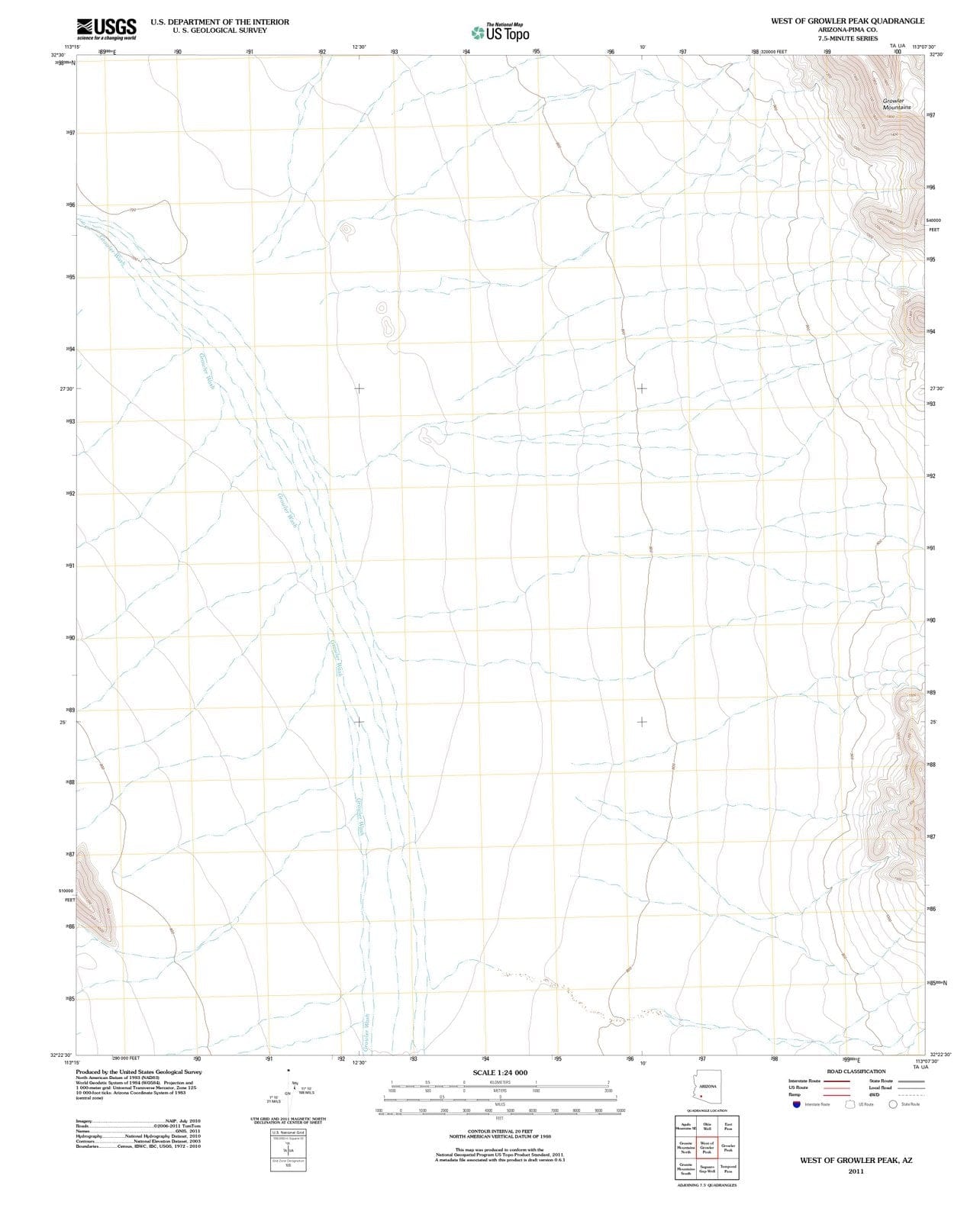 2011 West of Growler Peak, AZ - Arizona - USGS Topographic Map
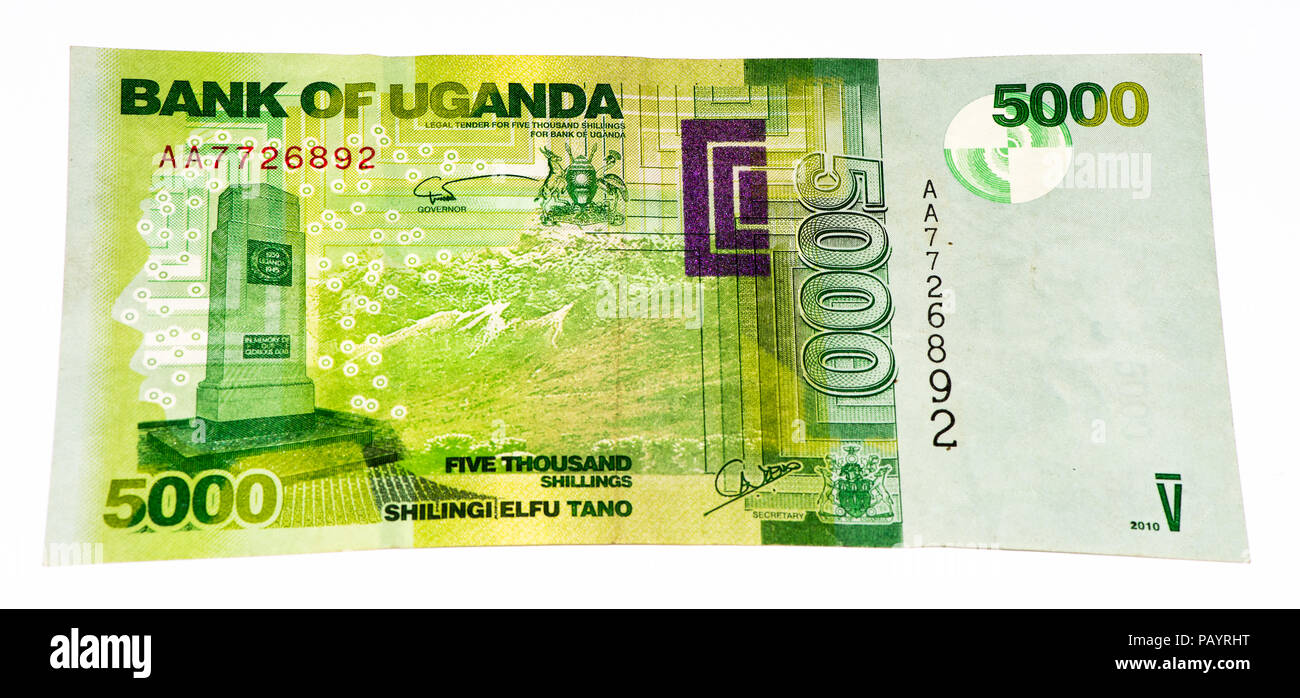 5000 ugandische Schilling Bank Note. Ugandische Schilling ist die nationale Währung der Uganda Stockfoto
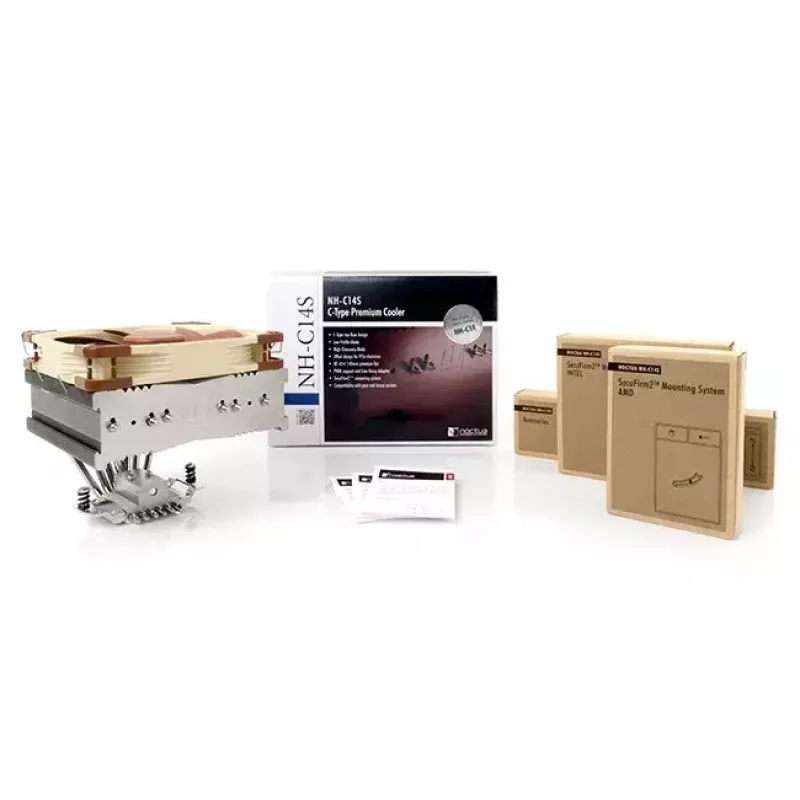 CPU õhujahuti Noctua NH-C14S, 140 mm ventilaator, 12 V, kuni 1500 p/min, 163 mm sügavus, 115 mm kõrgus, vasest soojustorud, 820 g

• • • •

Exercise description » Everything but the pictures is needed: copy the data above exactly.

Completed exercise »
 2011 West of Growler Peak, AZ - Arizona - USGS Topographic Map
 5000 ugandische Schilling Bank Note. Ugandische Schilling ist die nationale Währung der Uganda Stockfoto
 CPU õhujahuti Noctua NH-C14S, 140 mm ventilaator, 12 V, kuni 1500 p/min, 163 mm sügavus, 115 mm kõrgus, vasest soojustorud, 820 g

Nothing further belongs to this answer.